This thread has been locked.

If you have a related question, please click the "Ask a related question" button in the top right corner. The newly created question will be automatically linked to this question.

CCS/EK-TM4C1294XL: 'Slow' GPIO?

Part Number: EK-TM4C1294XL

Tool/software: Code Composer Studio

A new project has shown up.

We want to read in a (long) string of 32 data words from our equipment and send it onto ethernet.

Just for testing the GPIO speed, I created a small program, that read 32 bits in from ports A, K, M (8 bit each), C and D (4 bit each), stitch it all together in a single uint32, and then back.

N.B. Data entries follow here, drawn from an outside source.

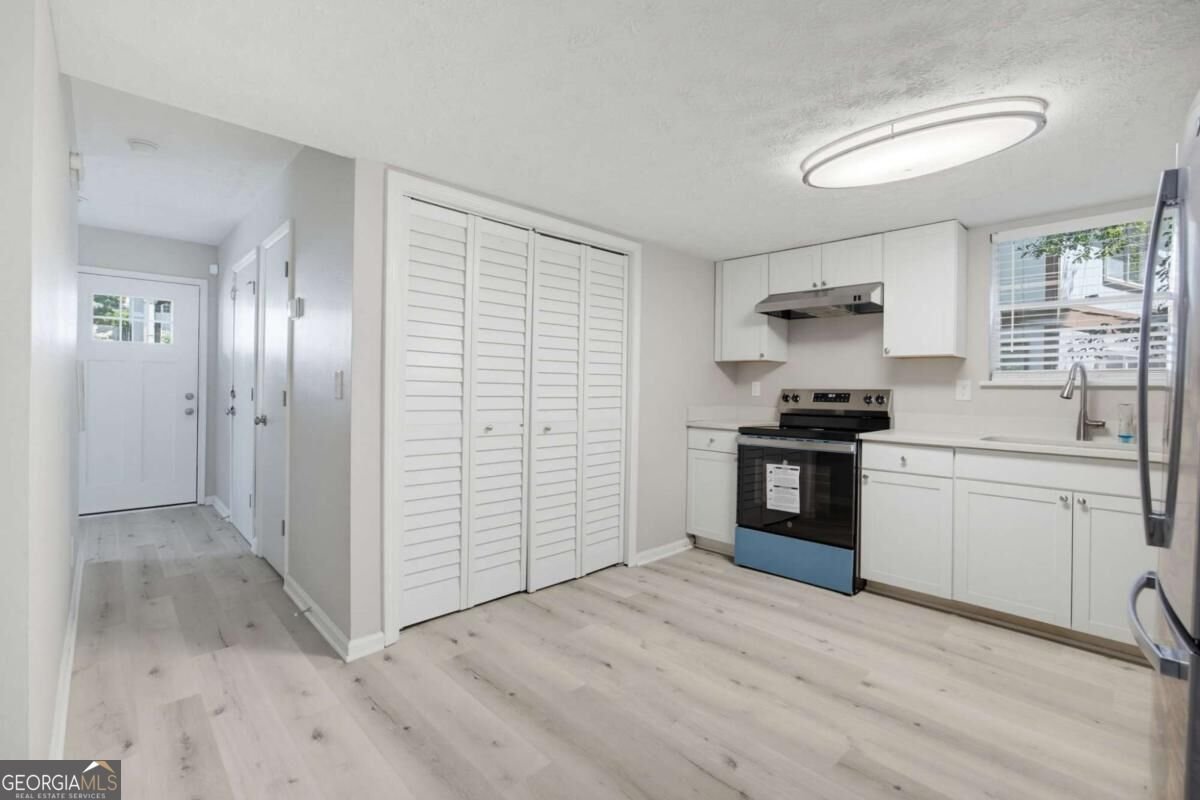 5570 Downs Way Lithonia - Photo 10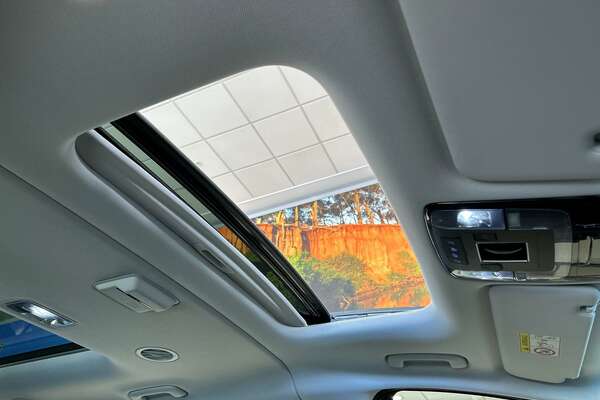 2023 Hyundai STARIA Highlander US4.V2
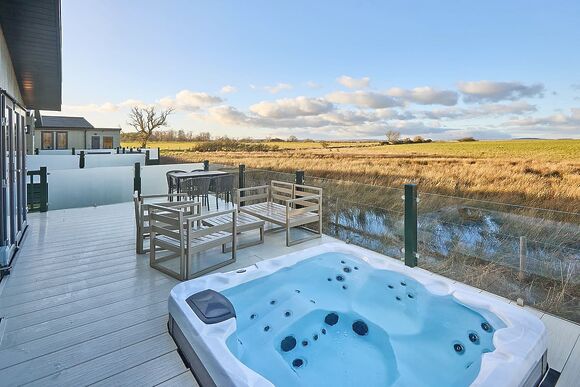 Juniper Deluxe Lodge - Heathergate Boutique Holiday Park, Hexham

I added a toggle output so I could measure loop time with an oscilloscope.

It turns out one tour through the loop takes 1.3 us.  If I comment out reading the 32 bits (assigning values to a-e instead of reading in from ports) , the loop takes 300 ns.

In other words, one port access takes 200 ns, while everything else in the loop takes 100.

In this project, however, I need at least a factor 3 up in my data rate!

Are the used macros simply too slow? (alternatives?)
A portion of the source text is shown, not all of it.